**WHAT IS NEEDED**
In the data below, give the number of lines that contain the word "White". Nothing else is needed.

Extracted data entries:
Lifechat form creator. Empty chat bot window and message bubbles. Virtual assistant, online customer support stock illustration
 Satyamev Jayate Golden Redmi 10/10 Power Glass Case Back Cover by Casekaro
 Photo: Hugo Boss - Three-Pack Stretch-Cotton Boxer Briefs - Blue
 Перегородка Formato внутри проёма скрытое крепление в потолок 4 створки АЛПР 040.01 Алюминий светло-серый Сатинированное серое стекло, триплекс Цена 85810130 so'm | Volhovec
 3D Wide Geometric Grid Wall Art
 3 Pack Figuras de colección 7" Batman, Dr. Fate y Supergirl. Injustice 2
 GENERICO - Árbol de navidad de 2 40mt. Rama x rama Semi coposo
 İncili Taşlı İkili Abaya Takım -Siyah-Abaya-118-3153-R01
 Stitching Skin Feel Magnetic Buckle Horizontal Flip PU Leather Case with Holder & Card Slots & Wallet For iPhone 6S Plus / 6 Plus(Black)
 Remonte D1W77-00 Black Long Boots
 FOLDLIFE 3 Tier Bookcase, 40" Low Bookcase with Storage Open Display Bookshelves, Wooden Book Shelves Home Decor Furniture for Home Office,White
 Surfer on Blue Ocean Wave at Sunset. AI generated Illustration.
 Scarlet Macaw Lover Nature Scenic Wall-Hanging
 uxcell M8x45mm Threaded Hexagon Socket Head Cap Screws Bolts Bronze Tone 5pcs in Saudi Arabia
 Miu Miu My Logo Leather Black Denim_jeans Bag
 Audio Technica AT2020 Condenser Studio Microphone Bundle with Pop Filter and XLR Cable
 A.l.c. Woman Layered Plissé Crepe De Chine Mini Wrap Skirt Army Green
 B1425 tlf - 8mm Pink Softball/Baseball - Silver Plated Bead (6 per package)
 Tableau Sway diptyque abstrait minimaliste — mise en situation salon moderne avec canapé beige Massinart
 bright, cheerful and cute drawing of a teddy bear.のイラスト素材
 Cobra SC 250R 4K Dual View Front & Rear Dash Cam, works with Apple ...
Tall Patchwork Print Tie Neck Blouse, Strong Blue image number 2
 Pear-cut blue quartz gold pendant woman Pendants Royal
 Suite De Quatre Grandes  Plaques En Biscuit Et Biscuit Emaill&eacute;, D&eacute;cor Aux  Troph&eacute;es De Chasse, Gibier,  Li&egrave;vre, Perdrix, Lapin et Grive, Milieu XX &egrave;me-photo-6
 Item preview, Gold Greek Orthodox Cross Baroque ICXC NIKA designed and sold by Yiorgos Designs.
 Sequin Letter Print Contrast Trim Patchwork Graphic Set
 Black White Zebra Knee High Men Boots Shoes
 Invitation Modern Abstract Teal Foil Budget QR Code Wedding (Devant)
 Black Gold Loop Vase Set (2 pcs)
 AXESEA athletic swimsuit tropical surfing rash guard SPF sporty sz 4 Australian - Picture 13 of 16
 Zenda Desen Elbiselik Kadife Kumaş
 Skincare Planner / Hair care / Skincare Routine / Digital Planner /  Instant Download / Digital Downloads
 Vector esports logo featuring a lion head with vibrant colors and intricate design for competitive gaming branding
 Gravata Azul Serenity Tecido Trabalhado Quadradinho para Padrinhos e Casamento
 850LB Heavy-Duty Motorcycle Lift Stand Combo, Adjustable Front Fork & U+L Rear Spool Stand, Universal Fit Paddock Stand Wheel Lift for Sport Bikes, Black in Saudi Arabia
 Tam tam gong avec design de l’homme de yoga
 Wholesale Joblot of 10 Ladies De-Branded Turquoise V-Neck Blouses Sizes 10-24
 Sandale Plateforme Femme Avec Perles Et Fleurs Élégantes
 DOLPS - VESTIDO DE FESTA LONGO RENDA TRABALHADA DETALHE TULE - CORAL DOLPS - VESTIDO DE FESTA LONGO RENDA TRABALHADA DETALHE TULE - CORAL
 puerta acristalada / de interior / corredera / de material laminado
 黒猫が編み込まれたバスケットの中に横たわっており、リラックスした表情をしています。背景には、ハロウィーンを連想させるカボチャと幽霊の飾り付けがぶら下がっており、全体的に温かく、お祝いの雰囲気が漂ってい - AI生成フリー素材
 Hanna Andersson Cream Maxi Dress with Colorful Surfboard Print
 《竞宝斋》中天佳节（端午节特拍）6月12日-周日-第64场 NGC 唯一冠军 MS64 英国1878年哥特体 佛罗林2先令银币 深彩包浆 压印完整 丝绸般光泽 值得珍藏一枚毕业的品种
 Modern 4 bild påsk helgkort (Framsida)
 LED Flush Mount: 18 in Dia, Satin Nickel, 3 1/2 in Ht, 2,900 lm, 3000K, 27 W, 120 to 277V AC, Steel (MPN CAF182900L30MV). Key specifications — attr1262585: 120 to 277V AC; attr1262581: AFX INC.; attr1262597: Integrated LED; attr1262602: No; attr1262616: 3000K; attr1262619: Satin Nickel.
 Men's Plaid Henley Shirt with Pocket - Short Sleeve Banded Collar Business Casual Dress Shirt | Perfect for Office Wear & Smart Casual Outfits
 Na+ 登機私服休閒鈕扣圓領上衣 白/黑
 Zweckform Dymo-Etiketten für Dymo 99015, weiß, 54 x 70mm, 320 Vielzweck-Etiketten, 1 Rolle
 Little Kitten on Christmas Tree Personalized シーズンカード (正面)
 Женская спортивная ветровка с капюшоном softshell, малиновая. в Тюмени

**REPLY**
2